Most horse racing fans would be familiar with Royal Ascot, the Breeders Cup, Kentucky Derby, Melbourne Cup, Dubai World Cup, Japan Cup and even racing on the frozen lake in St Moritz, Switzerland.
But for a feast of all things gambling none of these gatherings hold a proverbial candle to the Cheltenham Festival a four day feast of National Hunt (jumps) racing staged in a sleepy corner of the English countryside in March every year.
The prize money may be paltry compared to some of the leading flat race meetings around the world – £4,590,000 (c$6.1 million US) spread across 28 races and the winner of the showcase Cheltenham Gold Cup will net £625,000 (c$832,000 US) – but the betting turnover is breathtaking.
Turnover in the millions
Four days of racing and 28 races, watched by 260,000 on-track racegoers will generate an estimated £500 million (c$656 million US) in betting turnover. And, unlike many countries, these bets are not exclusively fed into a tote or pari-mutuel pool system.
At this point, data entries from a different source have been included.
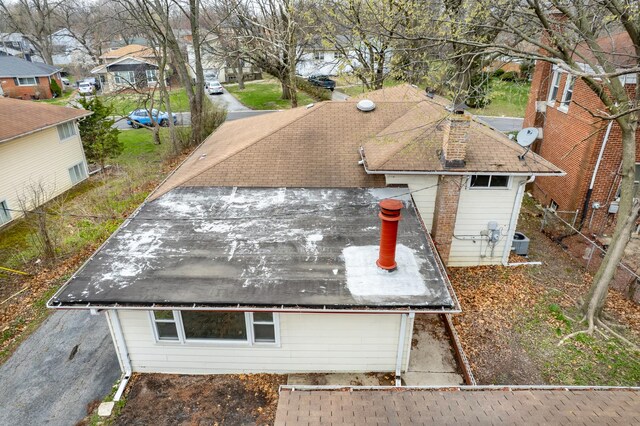 17401 Holmes Ave, Hazel Crest, IL 60429 - exterior view of a downspout, a rolled roof, gutters, and a residential view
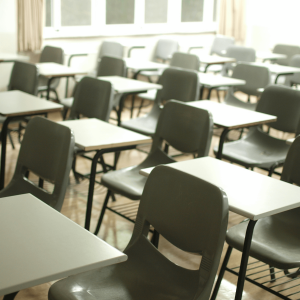 white desk chairs in a classroom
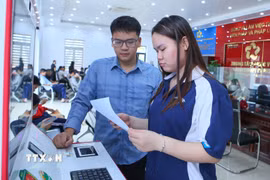 Cán bộ Trung tâm Phục vụ hành chính công xã Rạng Đông hướng dẫn người dân thực hiện thao tác tại Kiosk hành chính công. (Ảnh: Công Luật/TTXVN)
In fact, you can bet on race winners and other associated outcomes up to a year before proceedings get underway courtesy of ante post betting markets which can see you enjoy far bigger Cheltenham betting odds about your selections than those available on race day. Cheltenham ante post betting offers 2019 could have seen you take odds of 20/1 about Apples Jade who is now just 2/1 to win one of Cheltenham’s four ‘championship’ races, the Champion Hurdle.
Those ‘other associated outcomes’ include betting on which country, Great Britain or Ireland’, will win the most races. For the record Ireland did so for the first time in 2017 and repeated the trick in 2018. You can also bet on which jockey will be the most successful during the Festival, similarly the top trainer and top owner.
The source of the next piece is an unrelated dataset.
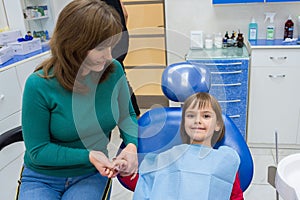 A mother with her daughter at the dentistÃ¢â¬â¢s. The mother is holding her daughter on her hand photo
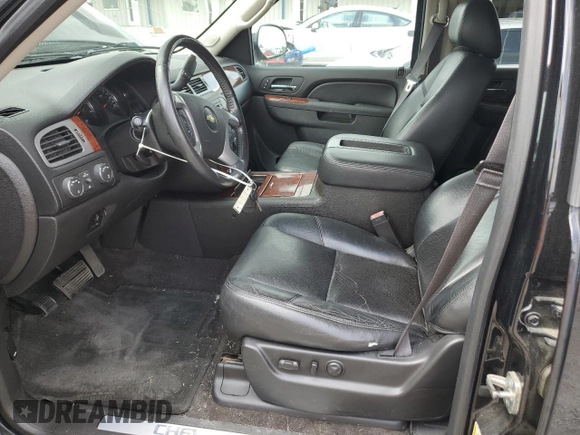 2014 Chevrolet Tahoe LTZ with VIN 1GNSKCE0XER228028, listed as a Copart auction lot 56971135 with 155,285 mi miles and Salvage title. Bid and sale history available at DreamBid. Image 7.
But it is not just the gambling that sets the Cheltenham Festival apart. There is a smorgasbord of contests on offer with just one ‘flat’ race and 26 others contests over hurdles and the much larger and spectacular ‘chase’ fences. For a true spectacle there is even a cross-country race whose course features banks, hedges, water jumps, hurdles and fences.
Race distances start at two miles and the longest contest is raced over four miles meaning the quickest races will take almost four minutes to complete and the longest will give spectators nearly nine minutes of entertainment.
And you can expect the Cheltenham Festival crowd to be in good spirits win, lose or draw. In 2015 the racecourse released figures which showed 265,000 pints of Guinness were drunk during that year’s Festival along with 120,000 bottles of wine and 20,000 bottles of champagne.
Some public disturbances since, mostly good hearted with incidents including a pair of female models flashing at racegoers, the track no longer boasts about the drinking habits of its attendees. They have become so socially responsible racegoers are restricted to the purchase of just four drinks when visiting the tracks numerous bars many of which are named after the courses most famous winners.
They include See You Then, a three time Champion Hurdle winner, Best Mate who won the Gold Cup three times and Big Bucks who landed the three-mile ‘Stayers Hurdle’ on four occasions.